## Section II Python and Vectorization

#### 1. Vectorization

##### (1) Example of calculating *z* in logistic regression
$z = w^Tx + b, \mathrm{where:} w = \left[\begin{array}{c}
w_1\\
w_2\\
\vdots\\
w_{n_x}
\end{array}\right], x = \left[\begin{array}{c}
x_1\\
x_2\\
\vdots\\
x_{n_x}
\end{array}\right]; w \in \textbf{R}^{n_{x}}, x \in \textbf{R}^{n_{x}}$

- **For non-vectorized (i.e. *for* loop) case**:
    - 1. $z = 0$
    - 2. for *i* in range($n_x$):
        - 3-1. $z\ +=\ w^{(i)}x^{(i)}$
    - 4. $z\ +=\ b$
- **for vectorized case**:
    - 1. $z = \mathrm{np.dot}(w,x)+b$

##### (2) Vectorization saving time (Python)

In [7]:
import numpy as np
import time

a = np.random.rand(1000000)
b = np.random.rand(1000000)

In [8]:
# Get the computation time with vectorized method np.dot
tic = time.time()
c = np.dot(a,b)
toc = time.time()

print('c = ' + str(c) + ', Vectorized version:' +str(1000*(toc-tic)) + 'ms')

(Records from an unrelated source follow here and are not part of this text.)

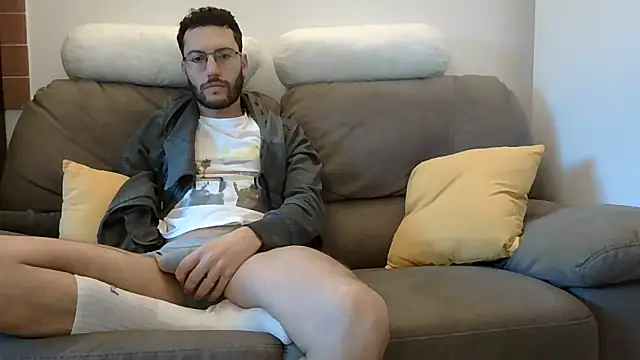 Amicisegreti online show from 03/31/26, 05:41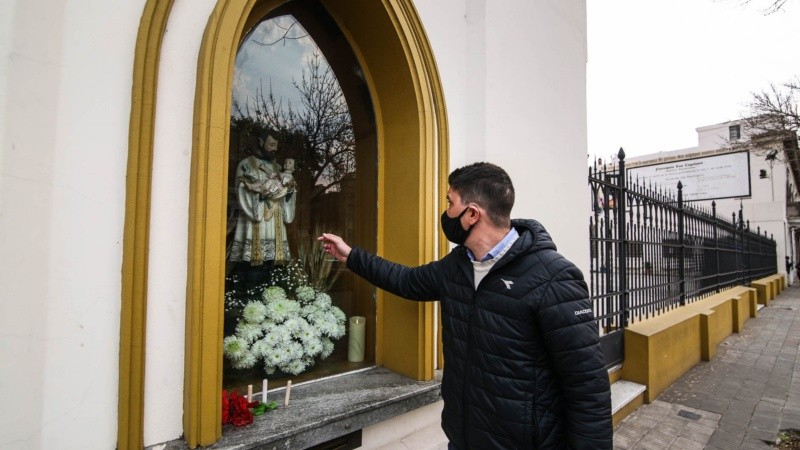 San Cayetano en pandemia: la iglesia de Buenos Aires al 2100 totalmente cerrada este viernes por la mañana. 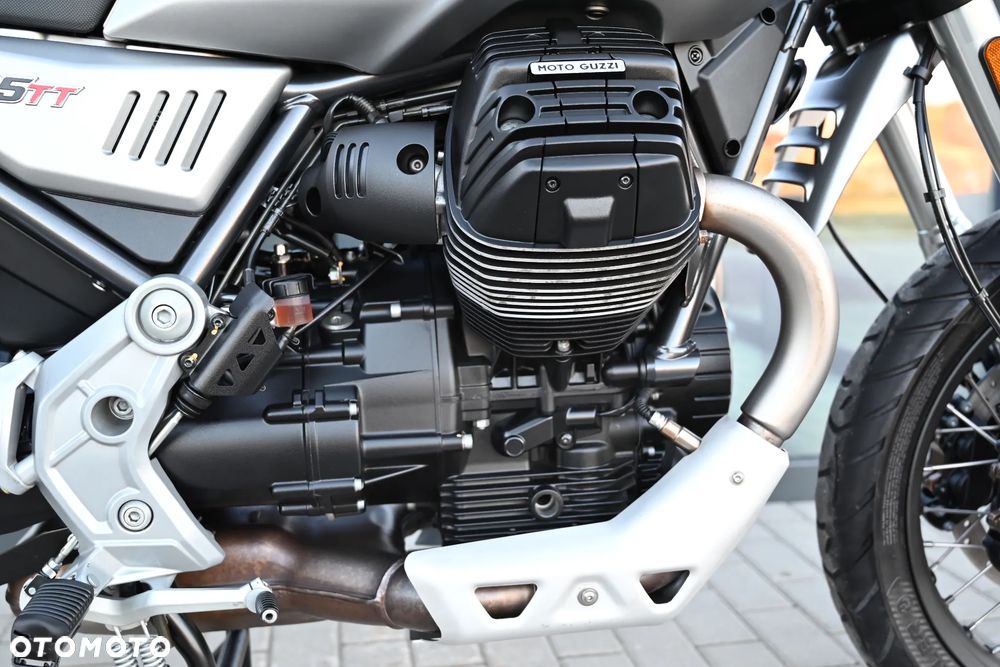Moto Guzzi V85 - 10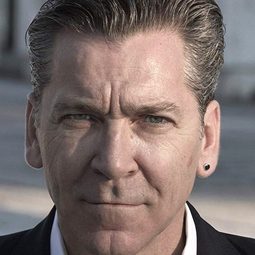 羅多佛·柯賽托 飾演 Rodolfo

c = 249869.8724567009, Vectorized version:0.9975433349609375ms


In [9]:
# Get the computation time with non-vectorized method for loop 
tic = time.time()
c = 0
for ai, bi in zip(a,b):
    c += ai*bi
toc = time.time()
print('c = ' + str(c) + ', Non-vectorized version:' + str(1000*(toc-tic))+'ms')

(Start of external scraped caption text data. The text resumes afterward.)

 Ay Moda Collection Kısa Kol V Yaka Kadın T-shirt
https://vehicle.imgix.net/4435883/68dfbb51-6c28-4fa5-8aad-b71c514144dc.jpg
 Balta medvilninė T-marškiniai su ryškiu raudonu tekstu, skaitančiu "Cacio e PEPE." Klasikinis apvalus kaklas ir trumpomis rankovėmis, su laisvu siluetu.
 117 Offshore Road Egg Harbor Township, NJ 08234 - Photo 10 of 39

c = 249869.87245669932, Non-vectorized version:328.11975479125977ms


- Comparing the two codes: vectorization speeds up more than **300** times!
- Using the internal functions (like *np.dot*) can enable python numpy to use parallelism methods to compute with GPU and CPU much faster.
- **Rule of thumb**: whenever possible, avoid explicit *for* loops.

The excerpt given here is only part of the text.